August 30, 2011, 3:39 PM — VMware appears to be using its VMworld conference this week to launch new attacks on the sky above and the ground below while adding a whole new type of target to attack and at least one new type of weapon with which to do it.
All the time its CEO insists, the company will remain laser-focused on changing the perception of end users so that when they hear "computer" they envision a metaphorical construct of conglomerated services based on public and private networks rather than the device they type on every day.
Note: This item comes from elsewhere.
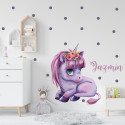 Vinilo Decorativo Adhesivo Beautiful Unicorn Impresión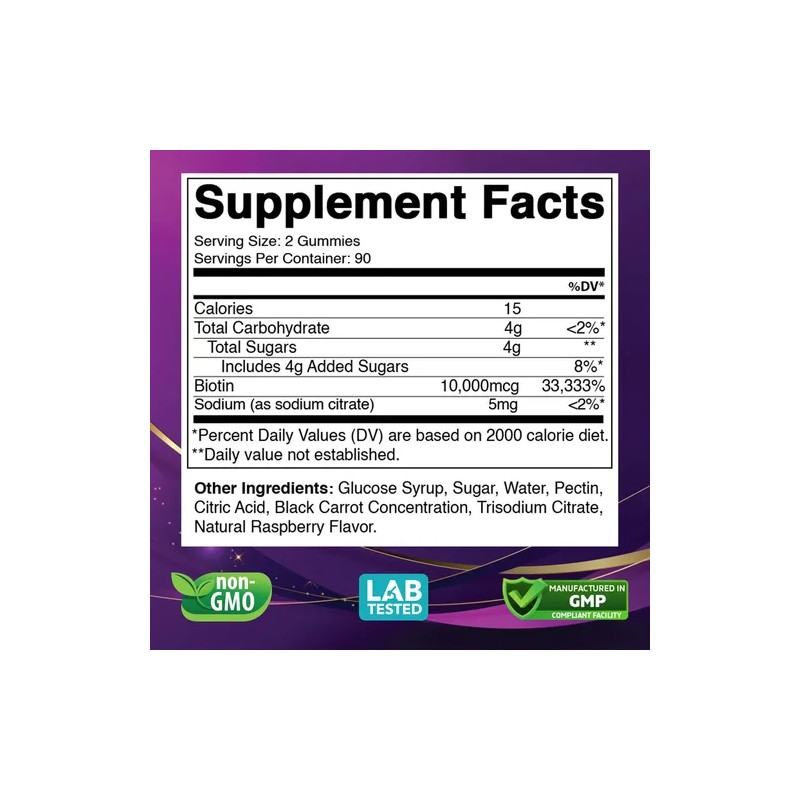 Gomitas Biotina 10,000 Mcg - Vitabod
Users are already expanding the number of devices they use to access or manipulate data so quickly that only 20 percent of all the hardware sold in five years will be running Windows, VMware CEO Paul Maritz predicted.
PCs are a dying metaphor
PCs are metaphors themselves, Maritz said. The hardware, the operating system, the applications, the focus on files and documents – are all based on assumptions made by researchers at Xerox PARC about how best to "automate the life of the white-collar worker circa 1975," Maritz told a crowd of 19,000 the conference yesterday in Las Vegas.
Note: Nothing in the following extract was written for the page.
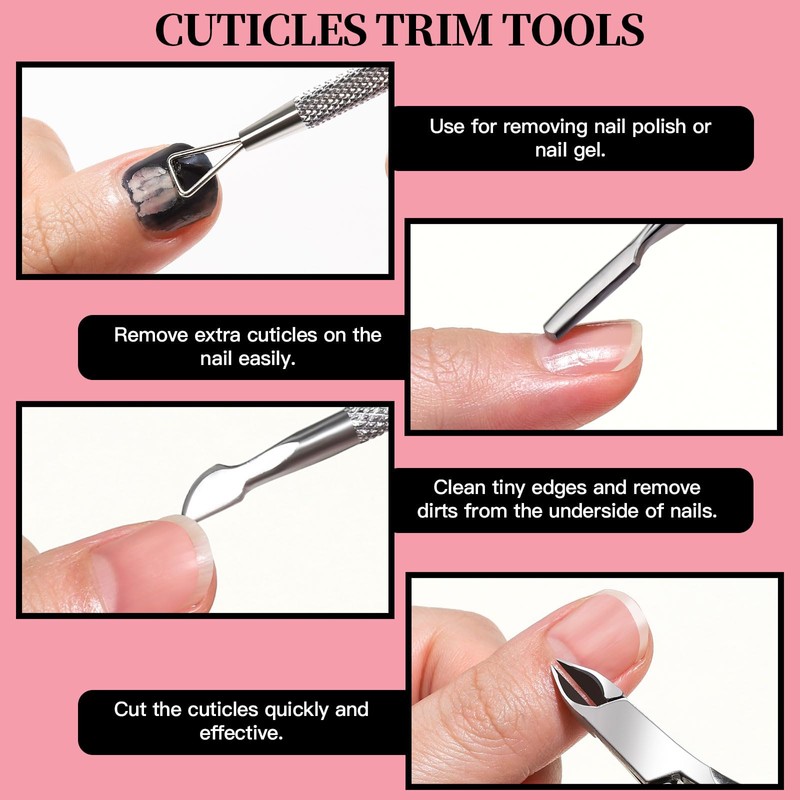 FANDAMEI Buffer for Nails, Buffer for Gel Nails, Manicure Set,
In 1975 white collar workers weren't connected to the Internet, didn't do email, didn't communicate, share files or exchange much information when they were outside one another's physical presence; now, through email, text and instant messaging, file sharing, app sharing, data exchange, real-time performance and data reporting, full-time data access and sharing is more the rule than the exception.
Within a few years the workflow of a typical white collar worker will be focused on "streams of information that will be coming at them in much smaller chunks and much larger numbers. We're moving into a new post-document era, and we will need different solutions," Maritz said.
There is a lot of good evidence behind what he says. Trends toward non-Windows mobile devices, resurgence of Apple on the back of the iPhone and iPad, almost universal availability of mobile data networks and increasing reliance on them by even non-power-users for both work and personal tasks.
Add to that the tendency of users of all ages to prefer narrow-function applications for specific tasks on smartphones because they do 80 percent of the work rather than making you type in queries yourself, and you have a new model of "user" who doesn't rely on either Microsoft or a traditional PC for much beyond the convenience of big screens, big keyboards and someplace comfortable to sit.